Şeytani yazılımın tesiri altına girmiş, onun oyuncağı ve esiri olmuş kişi ve cinlere şeytan dememiz mecaz manalı bir deyiştir. Biz, aslında işte bu mecaz manayı asıl mana yerine koymuş asıl manayı ise anlayamamış durumdayız. Asıl şeytan onlar yani şeytan adlı virüs yazılımın tesirine girmiş insan ve cinler olmayıp, bahsini ettiğim virüs mahiyetindeki kadersel yazılımdır. İşte asıl şeytan budur.
Bu virüs yazılım (kader) insanlar ve cinler üzerinde tesir (hüküm) icra eder. Cin üzerindeki tesiri şu aşamada bizi fazla ilgilendirmemektedir. Bizi daha çok, bu yazılımın insan üzerindeki tesiri ilgilendiriyor.

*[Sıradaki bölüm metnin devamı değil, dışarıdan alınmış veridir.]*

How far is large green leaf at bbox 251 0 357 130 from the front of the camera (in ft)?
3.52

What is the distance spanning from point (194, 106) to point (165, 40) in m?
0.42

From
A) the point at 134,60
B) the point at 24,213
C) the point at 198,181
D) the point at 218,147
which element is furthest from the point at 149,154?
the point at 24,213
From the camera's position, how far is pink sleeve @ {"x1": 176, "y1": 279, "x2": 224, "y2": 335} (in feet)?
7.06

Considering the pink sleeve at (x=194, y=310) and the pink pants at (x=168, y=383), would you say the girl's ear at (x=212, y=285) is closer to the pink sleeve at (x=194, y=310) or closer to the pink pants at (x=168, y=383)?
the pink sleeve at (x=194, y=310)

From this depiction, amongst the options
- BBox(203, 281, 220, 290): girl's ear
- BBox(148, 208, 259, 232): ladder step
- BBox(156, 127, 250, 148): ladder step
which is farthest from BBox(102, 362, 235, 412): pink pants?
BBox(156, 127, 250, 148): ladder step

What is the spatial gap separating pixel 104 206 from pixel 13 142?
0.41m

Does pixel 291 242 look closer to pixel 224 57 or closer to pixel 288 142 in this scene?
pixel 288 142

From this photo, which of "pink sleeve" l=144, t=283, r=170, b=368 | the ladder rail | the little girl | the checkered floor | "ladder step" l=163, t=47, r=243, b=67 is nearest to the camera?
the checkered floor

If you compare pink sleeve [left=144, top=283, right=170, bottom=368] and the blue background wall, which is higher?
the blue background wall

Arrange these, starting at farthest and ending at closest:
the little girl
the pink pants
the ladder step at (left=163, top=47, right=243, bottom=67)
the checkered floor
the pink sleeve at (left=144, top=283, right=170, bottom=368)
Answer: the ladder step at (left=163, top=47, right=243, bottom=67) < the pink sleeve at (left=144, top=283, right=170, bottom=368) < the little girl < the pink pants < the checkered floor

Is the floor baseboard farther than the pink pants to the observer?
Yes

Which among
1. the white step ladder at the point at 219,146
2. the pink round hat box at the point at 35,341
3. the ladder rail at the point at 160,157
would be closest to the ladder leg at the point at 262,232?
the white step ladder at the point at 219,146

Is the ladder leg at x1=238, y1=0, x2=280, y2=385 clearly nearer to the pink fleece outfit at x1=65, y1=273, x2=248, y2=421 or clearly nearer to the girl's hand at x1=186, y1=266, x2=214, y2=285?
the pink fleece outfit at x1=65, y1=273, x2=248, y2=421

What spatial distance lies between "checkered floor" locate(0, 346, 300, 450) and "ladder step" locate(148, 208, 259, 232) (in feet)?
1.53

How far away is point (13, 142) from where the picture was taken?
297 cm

Bu virüssel yazılımın insan davranışı üzerindeki tesiri, insanda bulunan duygu, nefis yani nefisten kaynaklı arzular yoluyla olur. Bu yoldan insan ruhunu bozabilir. O nedenle duygu dünyamızı iyi kontrol etmeli, nefsin isteklerinin peşine fazla takılıp, onun esiri olmamak gerektiğini iyi bilmeli ona göre tedbirli davranmalıyız. Yoksa konu virüs program ruhumuzu bozabilir demek az olar; mutlaka bozar.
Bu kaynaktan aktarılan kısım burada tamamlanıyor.